Data extract:
____________________

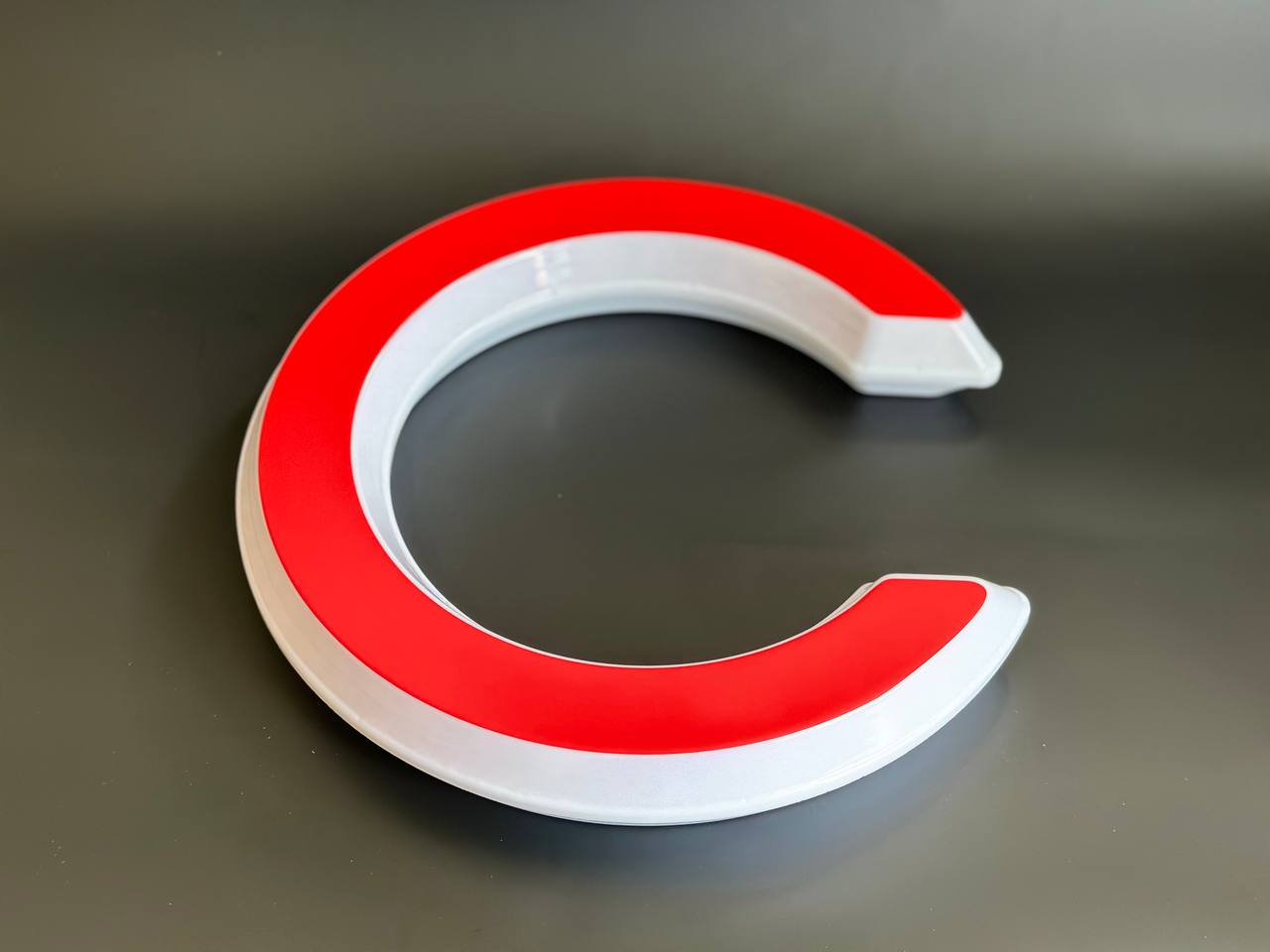 Световая буква С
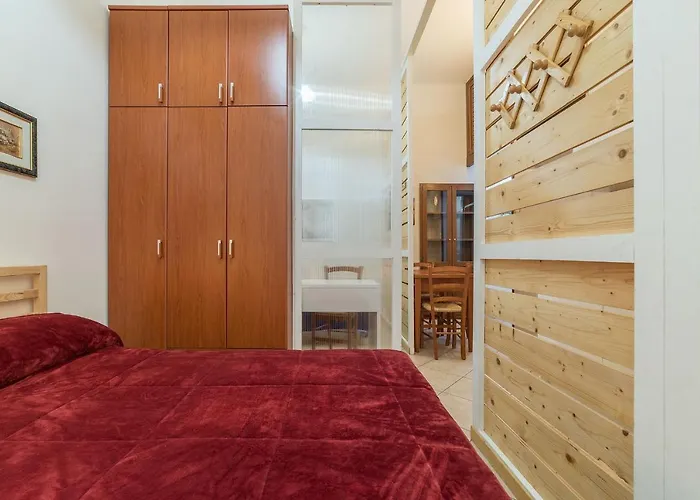 Guesthost - Vittorio Emmanuele & Colosseo Apartment *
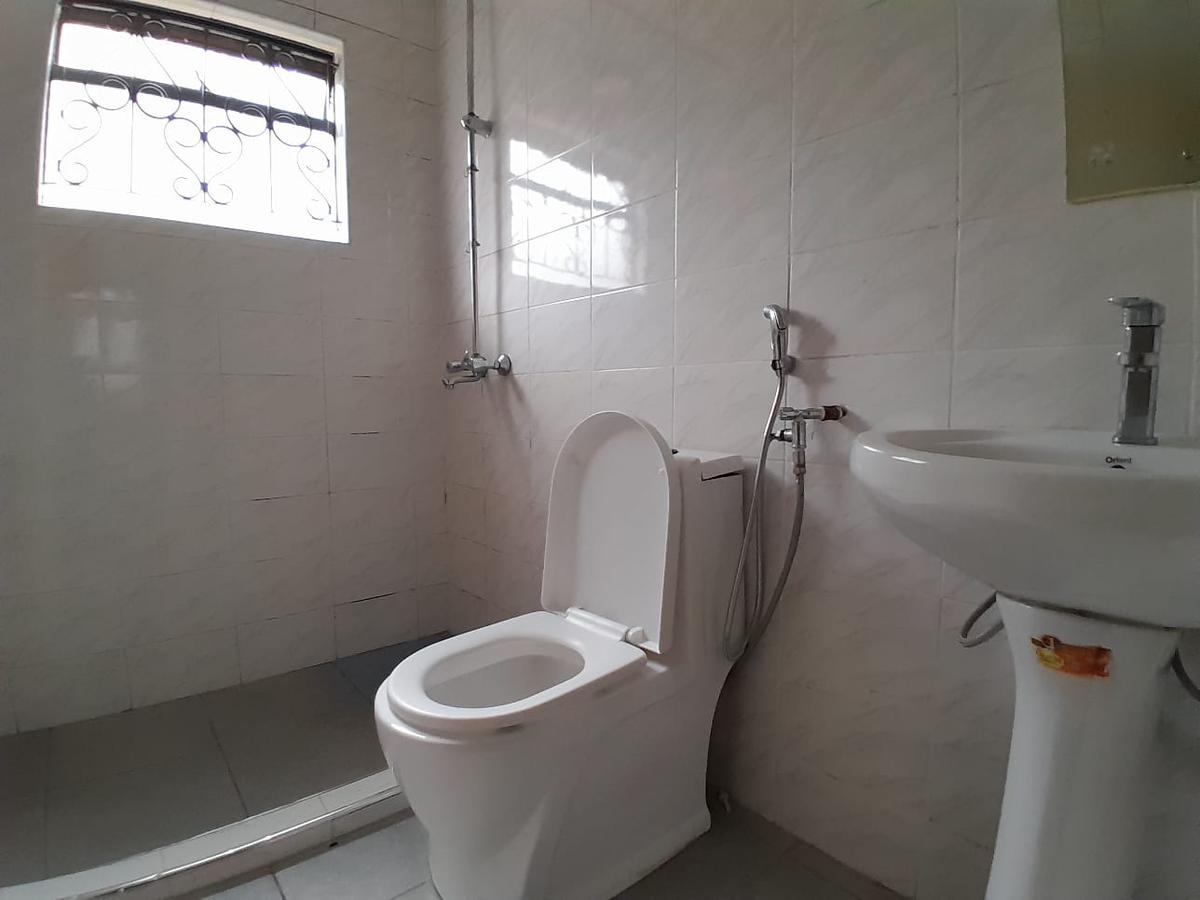 3 Bed Apartment with En Suite in Kilimani - 11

____________________

Problem description: Starting at the line that contains "Guesthost - Vittorio", retype every line through the end of the material exactly as written, including both end lines but no pictures.

Solution to this task:
 Guesthost - Vittorio Emmanuele & Colosseo Apartment *
 3 Bed Apartment with En Suite in Kilimani - 11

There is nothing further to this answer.